● **Task item**:
When you reach the line that contains "For RentHouseSukhumvit, Asoke, Thonglor" in the data below, start reproducing lines exactly, and stop after the line that contains "Miss Selfridge - Hoogsluitende".

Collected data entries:

▶

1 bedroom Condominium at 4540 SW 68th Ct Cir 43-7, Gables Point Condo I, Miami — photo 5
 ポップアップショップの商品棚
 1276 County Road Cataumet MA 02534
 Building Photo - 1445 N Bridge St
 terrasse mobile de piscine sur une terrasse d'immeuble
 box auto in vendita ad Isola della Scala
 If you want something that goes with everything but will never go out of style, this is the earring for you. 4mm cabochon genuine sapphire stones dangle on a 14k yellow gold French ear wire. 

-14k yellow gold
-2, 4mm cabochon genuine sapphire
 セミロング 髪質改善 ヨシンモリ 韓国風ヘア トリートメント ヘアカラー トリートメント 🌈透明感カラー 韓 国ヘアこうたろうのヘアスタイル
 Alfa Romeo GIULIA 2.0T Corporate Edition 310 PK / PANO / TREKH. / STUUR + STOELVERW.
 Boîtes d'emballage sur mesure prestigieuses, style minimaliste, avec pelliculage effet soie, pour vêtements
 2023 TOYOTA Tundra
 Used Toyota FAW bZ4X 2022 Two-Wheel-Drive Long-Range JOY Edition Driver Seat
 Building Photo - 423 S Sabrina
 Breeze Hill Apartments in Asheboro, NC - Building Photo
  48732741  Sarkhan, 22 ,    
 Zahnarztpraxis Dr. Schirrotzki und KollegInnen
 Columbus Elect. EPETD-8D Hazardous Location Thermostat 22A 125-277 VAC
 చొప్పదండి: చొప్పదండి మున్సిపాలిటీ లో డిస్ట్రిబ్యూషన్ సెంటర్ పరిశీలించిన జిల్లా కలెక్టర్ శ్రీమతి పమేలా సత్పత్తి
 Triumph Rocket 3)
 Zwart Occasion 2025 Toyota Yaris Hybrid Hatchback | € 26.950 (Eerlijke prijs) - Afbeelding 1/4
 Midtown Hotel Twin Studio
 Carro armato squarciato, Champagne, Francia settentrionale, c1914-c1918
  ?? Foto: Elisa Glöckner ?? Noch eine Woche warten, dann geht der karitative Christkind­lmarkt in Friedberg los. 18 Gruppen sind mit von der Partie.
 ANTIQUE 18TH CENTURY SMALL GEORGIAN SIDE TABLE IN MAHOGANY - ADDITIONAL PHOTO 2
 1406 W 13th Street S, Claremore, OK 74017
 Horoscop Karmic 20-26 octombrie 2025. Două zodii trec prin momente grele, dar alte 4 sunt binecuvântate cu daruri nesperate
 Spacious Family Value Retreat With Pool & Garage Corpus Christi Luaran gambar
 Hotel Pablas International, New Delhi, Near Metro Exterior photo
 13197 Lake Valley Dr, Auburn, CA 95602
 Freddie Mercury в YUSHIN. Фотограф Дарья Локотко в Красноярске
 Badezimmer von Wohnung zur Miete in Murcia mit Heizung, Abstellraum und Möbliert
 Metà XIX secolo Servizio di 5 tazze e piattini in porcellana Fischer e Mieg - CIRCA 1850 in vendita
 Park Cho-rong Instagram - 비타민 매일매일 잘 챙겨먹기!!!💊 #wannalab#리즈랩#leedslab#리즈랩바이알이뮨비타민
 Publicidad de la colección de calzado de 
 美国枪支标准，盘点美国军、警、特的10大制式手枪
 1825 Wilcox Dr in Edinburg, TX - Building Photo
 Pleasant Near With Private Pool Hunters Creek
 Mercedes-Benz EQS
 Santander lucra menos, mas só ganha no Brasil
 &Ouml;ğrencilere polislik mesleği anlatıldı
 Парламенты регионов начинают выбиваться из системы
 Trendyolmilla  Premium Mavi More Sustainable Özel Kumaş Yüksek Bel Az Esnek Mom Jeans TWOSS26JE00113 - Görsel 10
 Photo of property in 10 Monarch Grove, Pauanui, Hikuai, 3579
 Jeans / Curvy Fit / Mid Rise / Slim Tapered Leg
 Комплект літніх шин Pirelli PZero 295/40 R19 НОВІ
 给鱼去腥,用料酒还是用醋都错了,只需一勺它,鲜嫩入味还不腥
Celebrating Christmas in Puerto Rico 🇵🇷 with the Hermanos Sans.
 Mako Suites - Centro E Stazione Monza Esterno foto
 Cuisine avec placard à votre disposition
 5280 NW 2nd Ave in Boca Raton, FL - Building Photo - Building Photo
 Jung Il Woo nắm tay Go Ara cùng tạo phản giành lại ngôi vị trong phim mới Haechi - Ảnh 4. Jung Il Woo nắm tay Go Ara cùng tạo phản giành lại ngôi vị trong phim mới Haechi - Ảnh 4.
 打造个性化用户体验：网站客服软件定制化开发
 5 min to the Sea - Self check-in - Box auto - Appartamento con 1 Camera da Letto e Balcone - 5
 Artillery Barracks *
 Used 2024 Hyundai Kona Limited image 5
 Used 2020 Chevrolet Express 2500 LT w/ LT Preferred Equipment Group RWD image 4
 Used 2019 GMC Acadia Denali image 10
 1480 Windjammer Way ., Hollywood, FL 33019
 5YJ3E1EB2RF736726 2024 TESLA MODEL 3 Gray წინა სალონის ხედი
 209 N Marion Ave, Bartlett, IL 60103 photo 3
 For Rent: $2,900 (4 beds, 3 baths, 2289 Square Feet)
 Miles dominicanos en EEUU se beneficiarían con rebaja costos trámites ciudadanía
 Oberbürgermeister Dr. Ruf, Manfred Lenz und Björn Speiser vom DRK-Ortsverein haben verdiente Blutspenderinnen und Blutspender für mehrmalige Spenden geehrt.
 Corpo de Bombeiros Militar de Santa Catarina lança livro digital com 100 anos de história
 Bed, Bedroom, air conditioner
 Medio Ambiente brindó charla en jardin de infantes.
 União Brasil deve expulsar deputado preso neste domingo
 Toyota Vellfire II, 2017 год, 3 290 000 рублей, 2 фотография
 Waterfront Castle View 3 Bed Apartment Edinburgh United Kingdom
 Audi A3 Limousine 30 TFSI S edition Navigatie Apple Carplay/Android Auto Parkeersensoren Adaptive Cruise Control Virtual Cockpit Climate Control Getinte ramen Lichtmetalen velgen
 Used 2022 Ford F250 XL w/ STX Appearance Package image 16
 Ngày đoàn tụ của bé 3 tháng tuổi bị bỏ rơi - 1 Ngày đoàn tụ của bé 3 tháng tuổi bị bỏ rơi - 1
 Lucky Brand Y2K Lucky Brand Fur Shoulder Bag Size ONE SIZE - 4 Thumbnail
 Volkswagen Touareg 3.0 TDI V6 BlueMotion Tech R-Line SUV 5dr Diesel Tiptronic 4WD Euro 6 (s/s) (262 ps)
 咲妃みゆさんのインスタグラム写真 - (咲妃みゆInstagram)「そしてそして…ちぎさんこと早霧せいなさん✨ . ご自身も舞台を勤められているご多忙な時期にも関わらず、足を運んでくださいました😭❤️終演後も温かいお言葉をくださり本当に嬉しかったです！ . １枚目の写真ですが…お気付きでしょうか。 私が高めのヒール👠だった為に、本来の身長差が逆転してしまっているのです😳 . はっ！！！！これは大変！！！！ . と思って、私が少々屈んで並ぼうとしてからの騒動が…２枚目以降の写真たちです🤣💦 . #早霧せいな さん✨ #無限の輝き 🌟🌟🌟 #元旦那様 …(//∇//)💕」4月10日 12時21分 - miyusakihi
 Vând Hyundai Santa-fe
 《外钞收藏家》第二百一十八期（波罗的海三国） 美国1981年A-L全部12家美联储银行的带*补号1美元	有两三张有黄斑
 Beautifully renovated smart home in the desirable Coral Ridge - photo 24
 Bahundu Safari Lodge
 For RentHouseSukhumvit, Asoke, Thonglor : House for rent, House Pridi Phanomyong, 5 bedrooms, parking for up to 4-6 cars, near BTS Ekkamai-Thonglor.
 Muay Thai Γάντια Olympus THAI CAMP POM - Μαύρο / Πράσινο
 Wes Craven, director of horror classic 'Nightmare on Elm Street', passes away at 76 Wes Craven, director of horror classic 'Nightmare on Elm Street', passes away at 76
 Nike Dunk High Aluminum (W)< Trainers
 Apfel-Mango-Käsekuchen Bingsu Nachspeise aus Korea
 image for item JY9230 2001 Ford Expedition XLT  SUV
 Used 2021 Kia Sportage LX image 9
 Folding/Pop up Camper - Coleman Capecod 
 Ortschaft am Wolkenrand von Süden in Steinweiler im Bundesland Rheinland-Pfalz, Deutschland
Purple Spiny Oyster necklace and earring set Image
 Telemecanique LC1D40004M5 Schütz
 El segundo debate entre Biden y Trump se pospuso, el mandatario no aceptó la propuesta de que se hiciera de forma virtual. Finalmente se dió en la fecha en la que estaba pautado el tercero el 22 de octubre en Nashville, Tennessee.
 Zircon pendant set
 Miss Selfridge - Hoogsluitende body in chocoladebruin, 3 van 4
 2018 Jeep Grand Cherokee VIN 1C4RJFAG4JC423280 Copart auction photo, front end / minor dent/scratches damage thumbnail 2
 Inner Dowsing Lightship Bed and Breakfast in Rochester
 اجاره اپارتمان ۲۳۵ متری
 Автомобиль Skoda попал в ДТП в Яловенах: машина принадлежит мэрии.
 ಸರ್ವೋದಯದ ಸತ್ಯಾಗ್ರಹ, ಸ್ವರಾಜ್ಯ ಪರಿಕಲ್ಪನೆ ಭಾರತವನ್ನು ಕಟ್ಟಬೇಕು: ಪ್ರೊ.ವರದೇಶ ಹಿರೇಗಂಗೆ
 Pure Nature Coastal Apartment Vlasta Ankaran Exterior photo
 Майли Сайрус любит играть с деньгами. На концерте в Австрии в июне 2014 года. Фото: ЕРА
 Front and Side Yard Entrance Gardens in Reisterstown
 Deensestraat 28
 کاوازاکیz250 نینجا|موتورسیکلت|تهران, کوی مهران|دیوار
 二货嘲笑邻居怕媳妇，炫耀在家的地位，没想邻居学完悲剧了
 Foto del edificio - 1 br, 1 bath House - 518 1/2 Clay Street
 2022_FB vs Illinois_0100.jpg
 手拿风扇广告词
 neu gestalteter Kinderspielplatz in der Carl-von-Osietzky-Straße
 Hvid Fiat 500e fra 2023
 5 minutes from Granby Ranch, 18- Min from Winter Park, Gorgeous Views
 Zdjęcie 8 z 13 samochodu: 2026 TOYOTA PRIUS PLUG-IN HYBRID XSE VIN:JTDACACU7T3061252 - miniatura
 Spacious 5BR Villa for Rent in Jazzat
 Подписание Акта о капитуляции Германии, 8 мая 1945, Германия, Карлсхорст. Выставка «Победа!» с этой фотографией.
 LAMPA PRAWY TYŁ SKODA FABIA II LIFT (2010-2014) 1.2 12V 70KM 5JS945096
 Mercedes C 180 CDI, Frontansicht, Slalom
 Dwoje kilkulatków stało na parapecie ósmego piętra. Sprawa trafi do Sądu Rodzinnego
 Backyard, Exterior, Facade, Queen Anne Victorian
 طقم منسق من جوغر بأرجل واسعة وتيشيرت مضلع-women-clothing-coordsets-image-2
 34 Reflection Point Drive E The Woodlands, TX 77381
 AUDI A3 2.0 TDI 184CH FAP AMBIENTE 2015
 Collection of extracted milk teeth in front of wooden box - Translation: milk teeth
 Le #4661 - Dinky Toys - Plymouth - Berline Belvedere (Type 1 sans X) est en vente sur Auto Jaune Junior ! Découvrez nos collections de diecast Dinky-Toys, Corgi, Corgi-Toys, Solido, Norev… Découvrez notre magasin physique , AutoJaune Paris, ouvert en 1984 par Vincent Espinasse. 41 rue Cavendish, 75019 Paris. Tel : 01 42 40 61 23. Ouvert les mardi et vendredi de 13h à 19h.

◀

● **Result of this exercise**:
 For RentHouseSukhumvit, Asoke, Thonglor : House for rent, House Pridi Phanomyong, 5 bedrooms, parking for up to 4-6 cars, near BTS Ekkamai-Thonglor.
 Muay Thai Γάντια Olympus THAI CAMP POM - Μαύρο / Πράσινο
 Wes Craven, director of horror classic 'Nightmare on Elm Street', passes away at 76 Wes Craven, director of horror classic 'Nightmare on Elm Street', passes away at 76
 Nike Dunk High Aluminum (W)< Trainers
 Apfel-Mango-Käsekuchen Bingsu Nachspeise aus Korea
 image for item JY9230 2001 Ford Expedition XLT  SUV
 Used 2021 Kia Sportage LX image 9
 Folding/Pop up Camper - Coleman Capecod 
 Ortschaft am Wolkenrand von Süden in Steinweiler im Bundesland Rheinland-Pfalz, Deutschland
Purple Spiny Oyster necklace and earring set Image
 Telemecanique LC1D40004M5 Schütz
 El segundo debate entre Biden y Trump se pospuso, el mandatario no aceptó la propuesta de que se hiciera de forma virtual. Finalmente se dió en la fecha en la que estaba pautado el tercero el 22 de octubre en Nashville, Tennessee.
 Zircon pendant set
 Miss Selfridge - Hoogsluitende body in chocoladebruin, 3 van 4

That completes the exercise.